▶ _Your assignment_:
Starting with the line that contains "Erythrodiplax melanorubra" and stopping after the line that contains "facts about coral", return each line below exactly as written, with no others.

:::::

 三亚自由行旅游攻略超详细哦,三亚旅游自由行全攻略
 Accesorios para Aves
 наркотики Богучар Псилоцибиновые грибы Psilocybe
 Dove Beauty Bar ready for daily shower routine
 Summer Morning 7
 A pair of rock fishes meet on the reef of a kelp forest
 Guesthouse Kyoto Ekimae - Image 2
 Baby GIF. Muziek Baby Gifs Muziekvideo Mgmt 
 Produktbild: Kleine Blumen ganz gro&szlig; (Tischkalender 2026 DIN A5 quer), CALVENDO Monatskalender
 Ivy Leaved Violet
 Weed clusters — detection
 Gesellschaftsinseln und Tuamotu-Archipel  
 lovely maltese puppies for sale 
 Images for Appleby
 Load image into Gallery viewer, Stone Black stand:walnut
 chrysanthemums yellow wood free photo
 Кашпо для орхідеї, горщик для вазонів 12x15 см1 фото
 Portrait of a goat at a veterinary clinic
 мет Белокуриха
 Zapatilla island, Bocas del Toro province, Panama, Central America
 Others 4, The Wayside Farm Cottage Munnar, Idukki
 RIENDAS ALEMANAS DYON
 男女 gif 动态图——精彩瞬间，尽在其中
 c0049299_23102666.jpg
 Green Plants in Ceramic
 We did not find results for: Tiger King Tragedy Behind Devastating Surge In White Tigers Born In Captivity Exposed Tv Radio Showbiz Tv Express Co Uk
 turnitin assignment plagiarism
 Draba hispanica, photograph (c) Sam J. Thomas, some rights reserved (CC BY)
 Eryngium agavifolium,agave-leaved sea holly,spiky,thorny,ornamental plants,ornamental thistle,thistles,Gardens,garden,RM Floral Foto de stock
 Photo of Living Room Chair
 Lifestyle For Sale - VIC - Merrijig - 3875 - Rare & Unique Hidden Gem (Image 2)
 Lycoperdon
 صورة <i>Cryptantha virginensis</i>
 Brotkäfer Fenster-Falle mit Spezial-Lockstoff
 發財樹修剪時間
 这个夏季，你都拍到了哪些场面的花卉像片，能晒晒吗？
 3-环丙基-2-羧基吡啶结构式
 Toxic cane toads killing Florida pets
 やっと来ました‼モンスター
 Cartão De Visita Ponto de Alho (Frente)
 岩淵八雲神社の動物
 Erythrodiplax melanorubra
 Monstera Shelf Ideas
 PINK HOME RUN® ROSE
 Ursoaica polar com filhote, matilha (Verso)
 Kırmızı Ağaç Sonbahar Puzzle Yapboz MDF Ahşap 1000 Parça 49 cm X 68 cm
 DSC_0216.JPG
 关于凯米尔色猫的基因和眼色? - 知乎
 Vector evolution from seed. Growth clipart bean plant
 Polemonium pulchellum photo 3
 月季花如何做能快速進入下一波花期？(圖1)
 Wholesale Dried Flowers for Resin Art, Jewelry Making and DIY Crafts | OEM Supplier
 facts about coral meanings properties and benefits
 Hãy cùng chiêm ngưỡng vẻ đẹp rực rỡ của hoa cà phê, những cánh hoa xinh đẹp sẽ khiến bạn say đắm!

:::::

▶ _Solution for this task_:
 Erythrodiplax melanorubra
 Monstera Shelf Ideas
 PINK HOME RUN® ROSE
 Ursoaica polar com filhote, matilha (Verso)
 Kırmızı Ağaç Sonbahar Puzzle Yapboz MDF Ahşap 1000 Parça 49 cm X 68 cm
 DSC_0216.JPG
 关于凯米尔色猫的基因和眼色? - 知乎
 Vector evolution from seed. Growth clipart bean plant
 Polemonium pulchellum photo 3
 月季花如何做能快速進入下一波花期？(圖1)
 Wholesale Dried Flowers for Resin Art, Jewelry Making and DIY Crafts | OEM Supplier
 facts about coral meanings properties and benefits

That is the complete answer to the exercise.